Engelbartism is named after engineer Douglas Engelbart, who had a mission of augmenting human intellect and gave inspiration [2] to the creation of the computer mouse, video-conferencing, hypertext, and shared screen among others.

Engelbartism: Augmenting The Human Intellect

“Manipulating words seemed like the obvious place to start because it was a way to manipulate your ideas. That’s the very essence of your knowledge and thinking: the concepts in your mind that you’re converting to words and symbols. And since the computer should be able to manipulate symbols for you, it was ‘Well, of course.’ It could just help you in so many ways.”

Doug Engelbart from The Dream Machine

Engelbart believed that computers could give rise to a new era in human evolution.

We wouldn't be able to think without words.
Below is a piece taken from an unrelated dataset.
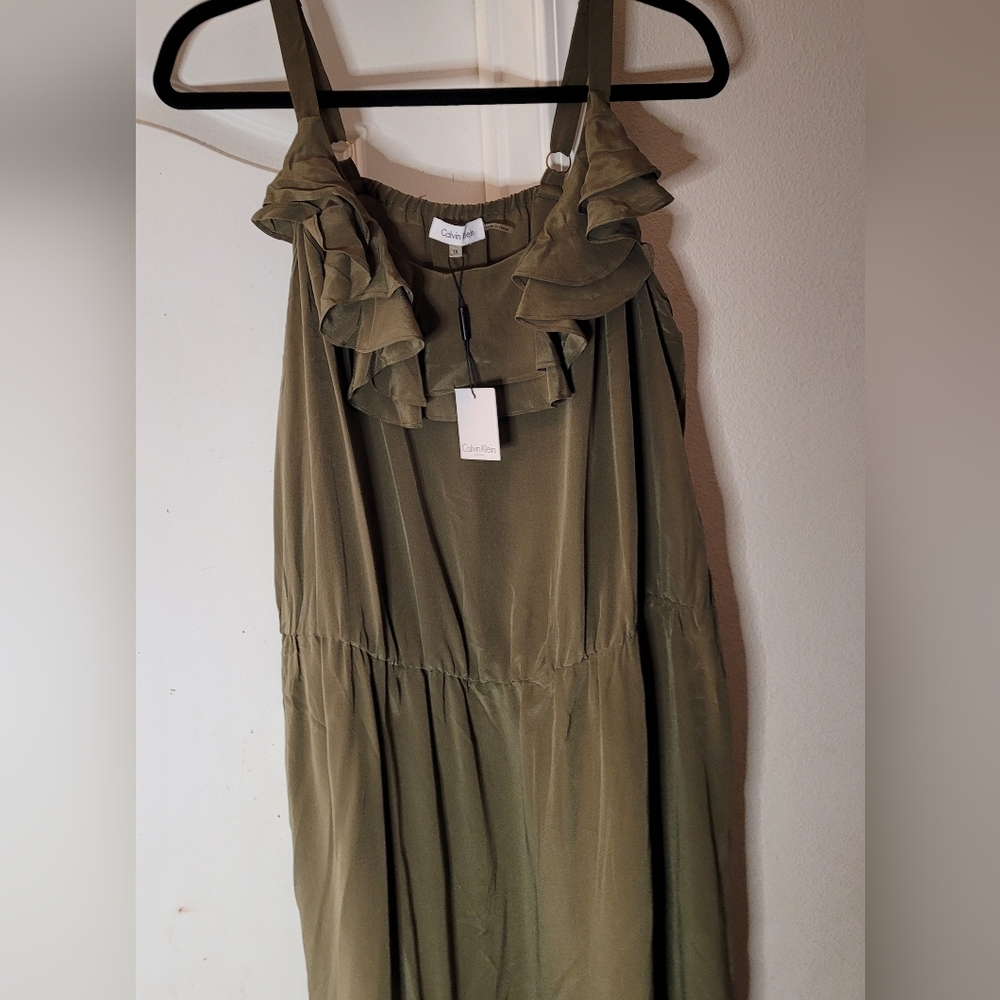Calvin Klein Olive Green Silk Ruffle Front Dress, NWT - Picture 5 of 6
A thought process is a chain of words. A chain of words is a thought. A thought is the basis of communication.

But really all this is, it's the progress of manipulation of ideas and thought. Doug Engelbart thought deeply about the stages of such manipulation, and I will explore the four stages, he explained.

First, we owe it to early humans when they developed the ability for concept manipulation. If I say, "the hungry elephant stepped on the keeper's foot." You will immediately think of an angry elephant looking for food and you will visualize a solution to avoid getting your foot stepped on.

Symbol manipulation was next. Our ancestors evolved to represent concepts in terms of words and numbers. This allowed the shepherd to keep track of his twenty sheep by counting instead of remembering what each sheep looked like.

What followed was manual external symbol manipulation which, with the help of a stick or pencil, allowed us to extend our memory and improve our ability to visualize concepts and quantities.

The fourth stage is automated external symbol manipulation. With the help of computers, symbols and concepts, manipulated by the human mind, can be represented, arranged, recalled, switched, stored, and operated in front of our eyes, which allows us to communicate and think faster and better than ever before.

For the most part, we’ve reached the fourth stage. Advances in Artificial Intelligence are giving rise to a fifth stage. A stage that will advance human evolution like never before and conceivably bridge a symbiosis between humans and computers.

Hortensia is not alone

Why was Hortensia unable to differentiate between Uber and Amazon? She didn’t know how to read or write, so she had to rely on her memory about what she’d heard the companies do.

Hortensia has not learned symbol manipulation to represent concepts in terms of words and numbers. Just as the shepherd who had to memorize what each sheep looked like, Hortensia needs to memorize what everything looks like, a process that gets confusing in a modern world as big and diverse as ours.

Because of that, Hortensia just has a tougher life. It’s almost as if she’s not as evolved as modern humans. But that’s not just her. It’s all of us too.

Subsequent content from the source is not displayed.